Green’s musical wedding party is comprised of pianist Alan Simon (Dizzy Gillespie, Toots Thielemans, Lee Konitz), alto and tenor saxophonist Bruce Krasin (Tony Bennett, Jeff Holmes), drummer Bill Chapman (John Medeski, the Berkshire Jazz Collective), bassist Daniel Broad (The Drifters, The Platters) and guitarist Michael Musillami. The album was produced by Paul Green himself.
The album opens with Tarras Doina and Blues by Dave Tarras, the great Klezmer clarinetist. A doina, explains Green in the liner notes, is “a rhapsodic klezmer form, free and expressive, and usually without meter. Green took a fragment of Tarras’ original and morphed it into a minor blues. Green’s bluesy, transcendental clarinet brings home the melancholy but there are moments of pure delight as the guitar helps to take the blues away. Simon’s piano is, as I said above, precise. This song sets the hook for all that follows.
Si La Mar Era de Leche (If the Sea Was Made of Milk) is a lovely Sephardic Jewish melody. The Sephardic Jews were expelled from Spain in 1492, when the Muslims were also tossed out. A nod and a wink to Bach was an added element.
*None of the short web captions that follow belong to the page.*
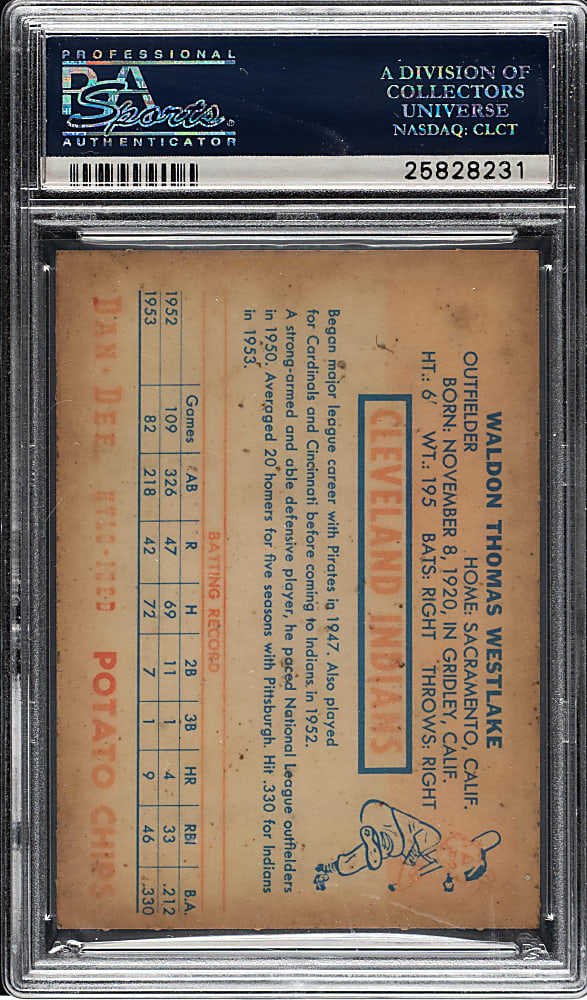 1954 Dan-Dee Potato Chips Wally Westlake PSA EX 5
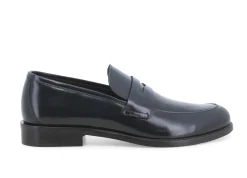 Mocassini Uomo: Mocassino uomo classico in pelle abrasivato blu u1020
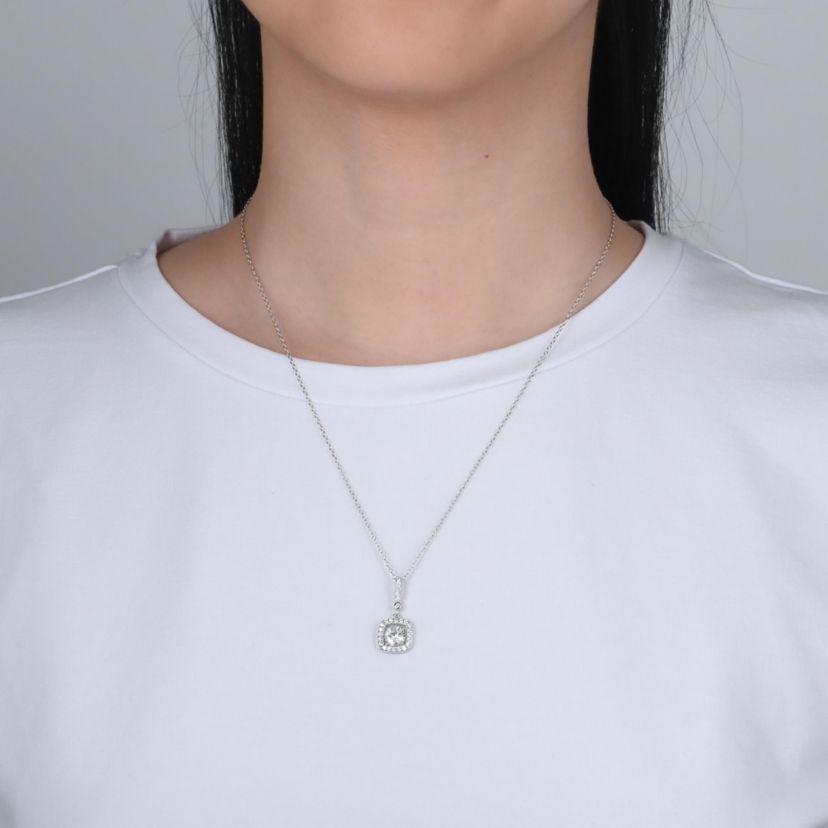 Lab Created Sterling Silver 4mm Cushion White Cubic Zirconia Drop Pendant and Earring Set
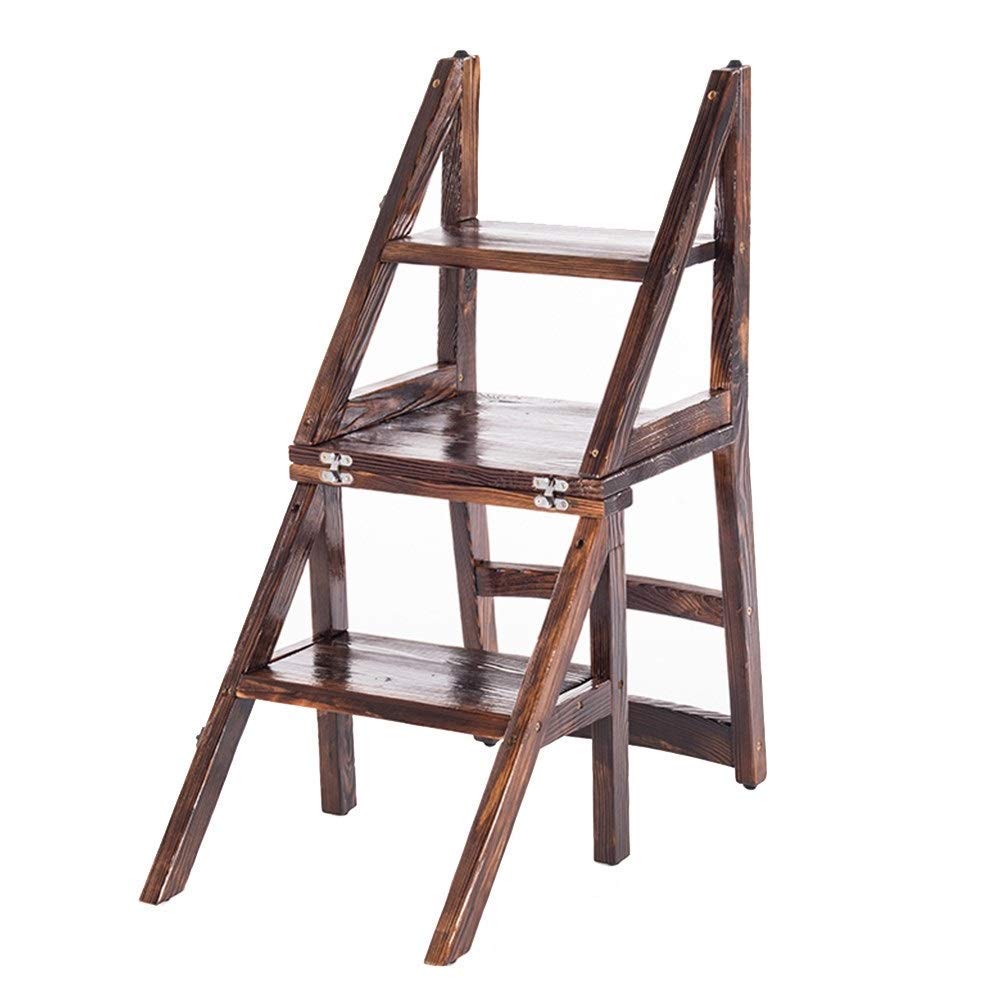 ZKS-KS Double Step Stool Ladder - Wooden Folding Step Stool & Dining Chair - Carbonized Finish (45x54x87cm) - Perfect for Kitchen, Restaurant, and Home Use - Space-Saving Multi-Purpose Stool for Reaching High Shelves and Extra Seating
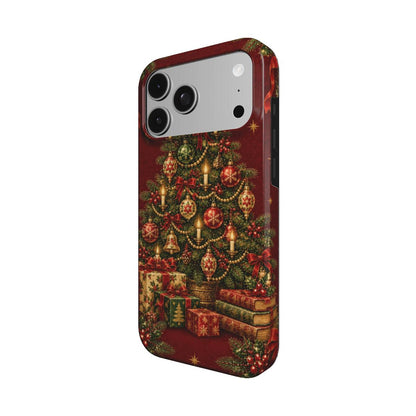 Vintage Tree & Books phone case — MagSafe iPhone case, angled view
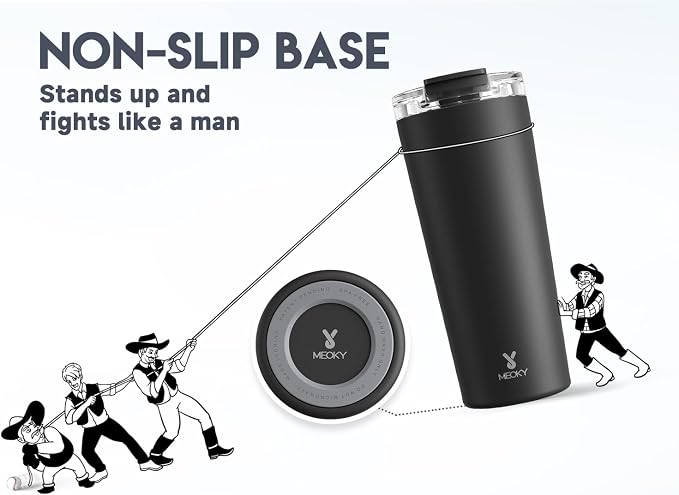 Meoky 24 oz Insulated Travel Coffee Mug: Leak Proof Lid, Night | Stainless - Image 7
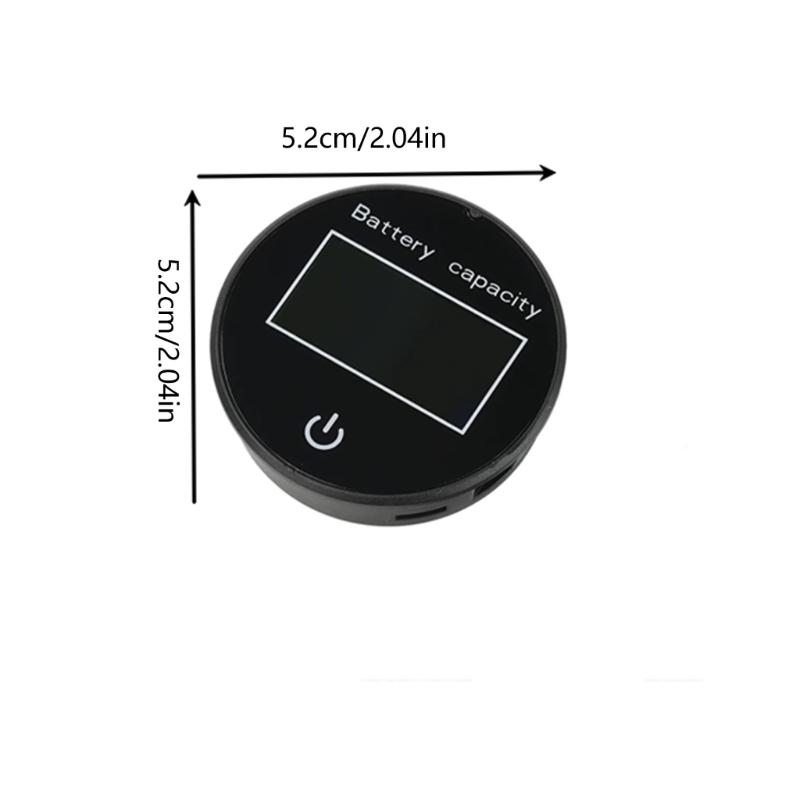 10-100V Circular LCD Digital Multifunction Touch Switcher Battery Voltage Charge Level Display with Temperature Display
That haunting clarinet is accompanied by the single drum to open the piece and is soon joined by the piano then bounces off the guitar. The artistry of Green, Simon and Musillami are astonishing.
Then comes the amazing treatment of Wayne Shorter’s Footprints into Yiddish Footprints. The original 12-bar blues is transformed into something livelier, even euphoric. Daniel Broad’s bass carries that sweet groove and lays the groundwork for all that melody above it.
Miles Davis’ So What? becomes So, Nu? What was Miles’ move away from Bebop, becomes a chance for Green to move in the direction of assimilation between Miles’ Dorian mode and the Jewish Misheberakh mode. That change is slight but so effective. Instead of Miles and Trane, Green and Bruce Krasin carry the melody and Simon is solid as the rhythm section works the familiar groove. Krasin’s Jewish Trane is very attractive. What a fun piece!
Rodgers and Hart’s My Funny Valentine is rendered as My Funny Jewish Valentine and is carried as a duet between clarinet and piano. The melodies stay largely intact but they are shifted with Jewish scales that produce a less melancholic, but more meditative, tune.
Interspersed between the Jazz standards are tunes not so familiar to a non-Jewish audience. They are taken from their original element and treated lovingly with Jazz intonations and modulations. Green made me search for (and find) the originals and—just as Green had said—it was easy to hear the contributions of Jewish music to the great American songbook.
What Paul Green has done with Music Coming Together is that the Jewish community and the Jazz community owe so much, artistically, to one another. The earliest Jazz was taken by the Jewish Jazz composers, run through the Jewish musical spectrum and returned to the African-American Jazz masters, who worked it over once again to fit it for themselves. Green states that he intended to unite two different worlds. The Jewish community and African-American community found themselves at odds throughout the 20th Century but the thing about Jewish and Jazz music is that they both work towards resolution. Music can bring anyone together. Jazz can bring everyone together.